A comprehensive draft guideline to tackle the health burden of smoking has been has been developed by the National Institute for Health and Care Excellence (NICE) and Public Health England (PHE).
Dr Sarah Jackson, Principal Research Fellow, UCL Tobacco and Alcohol Research Group, said:
“E-cigarettes are currently the most popular aid used by smokers trying to quit, and among the most effective. We know from surveys of health professionals that e-cigarettes are frequently brought up in conversations with patients who smoke. But health professionals are often unsure of the evidence on the safety or effectiveness of these devices for quitting smoking, so can be reluctant to recommend them. The new draft guideline provides clear, evidence-based guidance to healthcare staff; this will enable them to have informed discussions with patients in order to select the most suitable option to support their quit attempt.”

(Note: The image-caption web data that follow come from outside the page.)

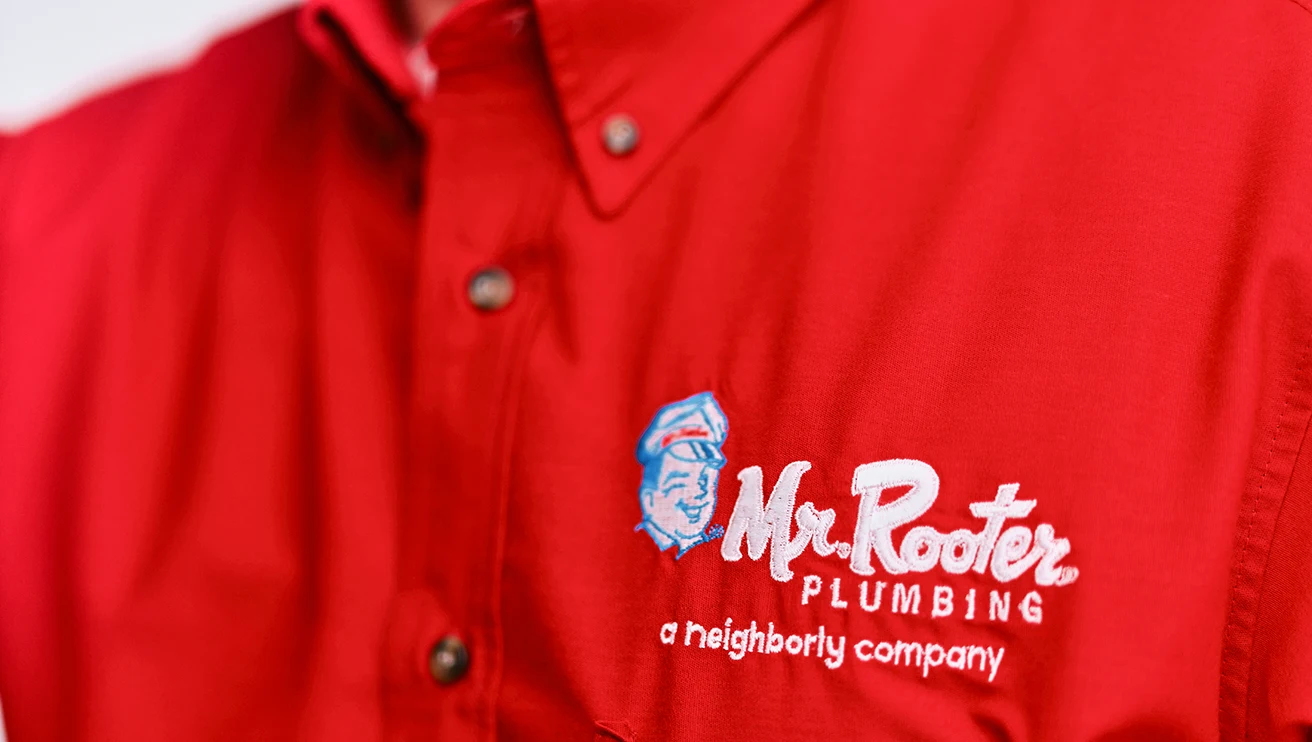 Close up view of a red Mr. Rooter work shirt.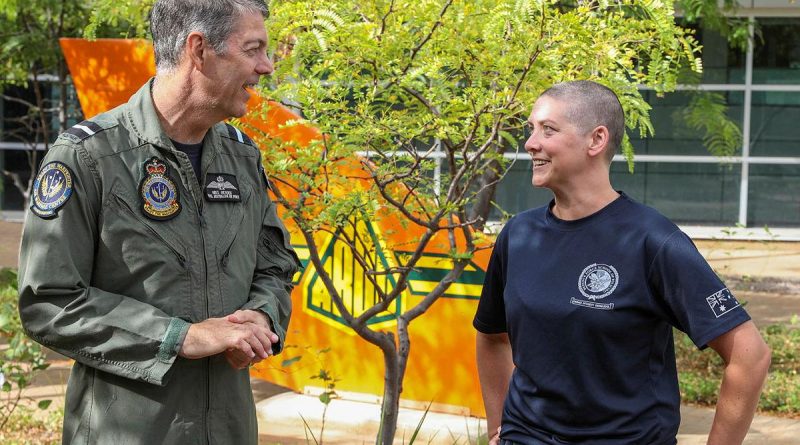 Senior Australian Defence Force Officer - Edinburgh precinct Air Commodore Ross Bender with Flight Lieutenant Lauren Hartley after she had her head shaved to raise money for the Lung Foundation Australia. Photo by Corporal Brenton Kwaterski.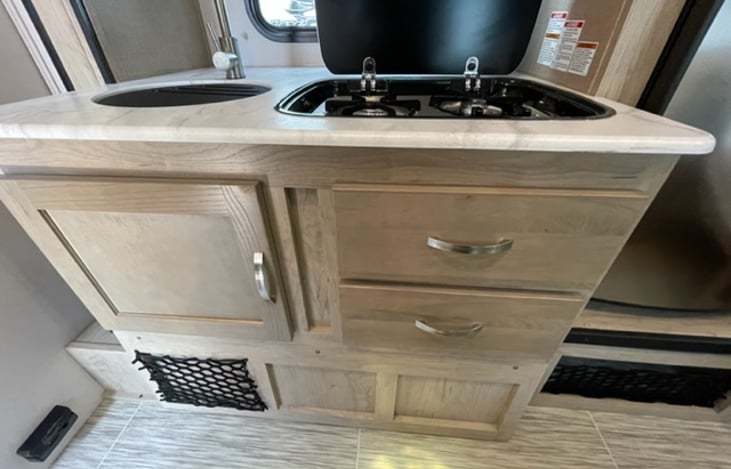 Whether simmering a stew or preparing breakfast, this stove top combines functionality and style for your travel adventures.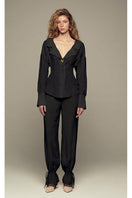 Black Scylla pants by IKINITA shown in the image, featuring a sleek, tailored design perfect for stylish casual or semi-formal wear.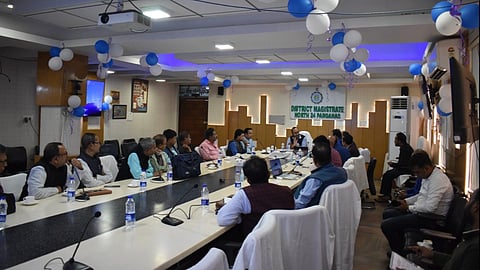 A conference room with DM and DEO conducting a meeting in a U-shaped table. The room is decorated with blue and white balloons with a sign reading "District Magistrate North 24 Parganas" at the front.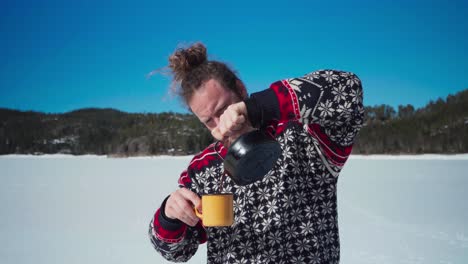 retrato de un hombre vertiendo café caliente a la taza de la tetera en el fondo de la naturaleza de invierno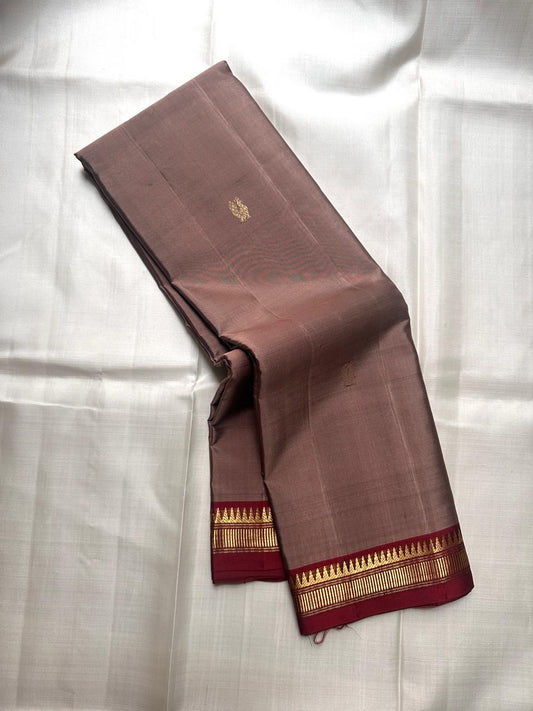 Folded pure Kanchipuram silk saree in beige with narrow maroon border and metallic zari detailing available in the USA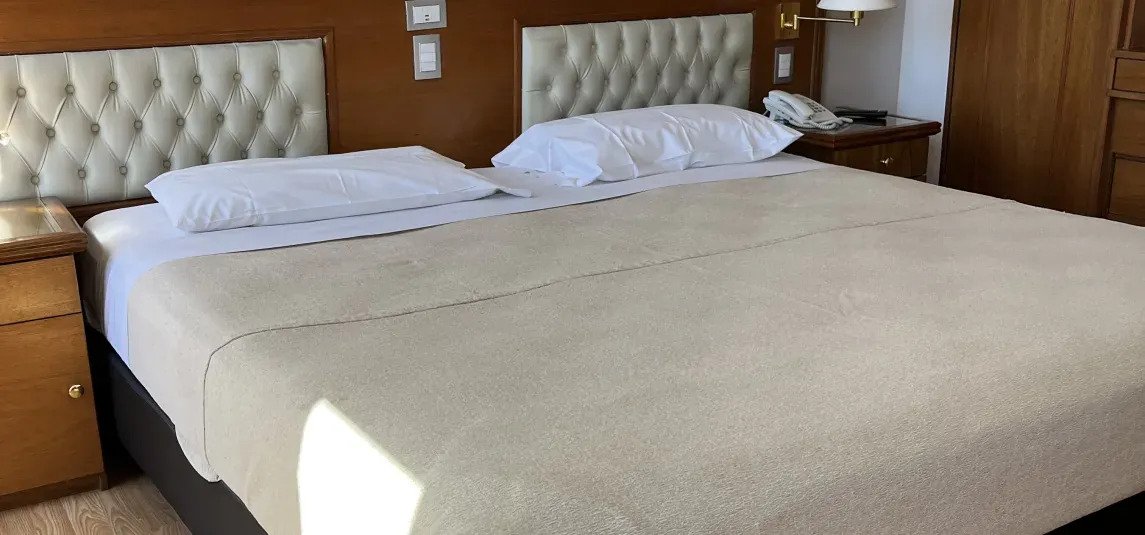 Quarto superior com cama de casal e vista cidade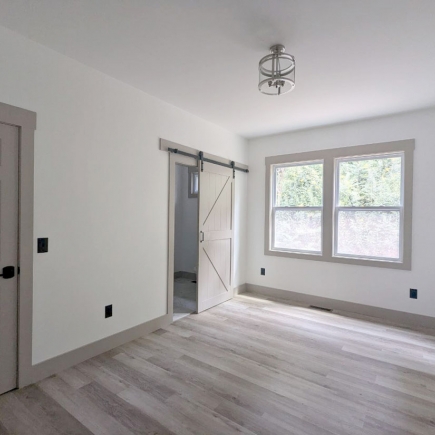 Bedroom with sliding barn door to the bathroom and double window with wooded view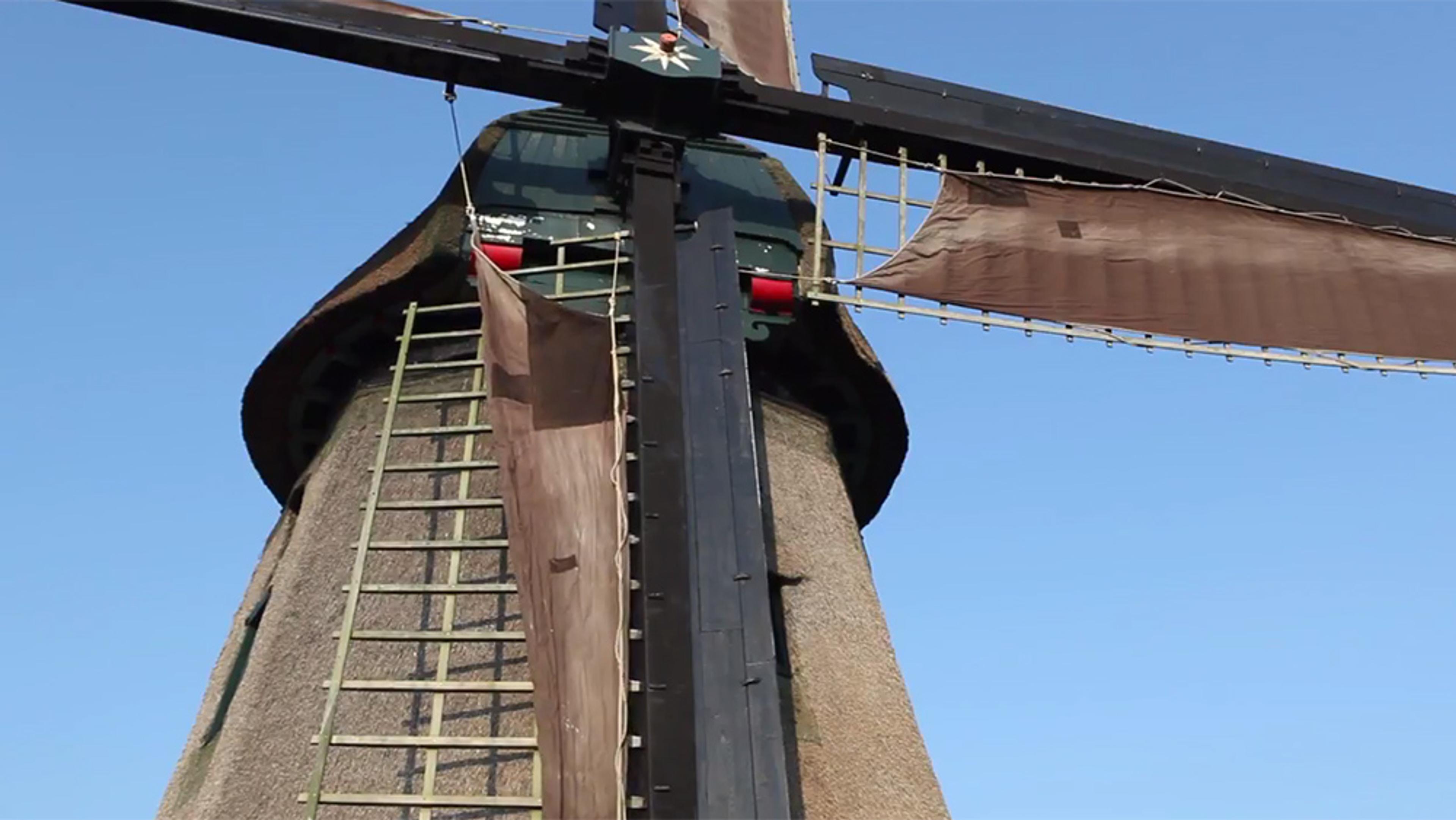 A traditional windmill with large wooden blades against a clear blue sky, focusing on the central structure and one blade.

Dr Jamie Hartmann-Boyce, Senior Research Fellow in Health Behaviours, University of Oxford, said:
“This new draft guideline from NICE and Public Health England is very welcome. Quitting smoking is the single best thing people who smoke can do for their health. Most people who smoke want to quit, but many find it difficult to do so. Fortunately, evidence shows there are a number of tools available that help people quit. Smoking is a leading cause of health inequalities and evidence-based support to quit smoking needs to be available to all.
“A growing body of evidence suggests that e-cigarettes are considerably less harmful than smoking – though not risk-free – and can help people quit smoking. NICE and Public Health England continue to lead the way in promoting the use of nicotine-containing e-cigarettes as a harm reduction tool based on the best available evidence.
“As highlighted by the new guidance, evidence shows that using two forms of nicotine replacement therapy at once – a patch and a short-acting form like gum or lozenges – is more effective than just using one kind. For the best chances of successfully quitting, people should also be offered behavioural support to quit. There is lots of evidence supporting the use of behavioural counselling for quitting smoking.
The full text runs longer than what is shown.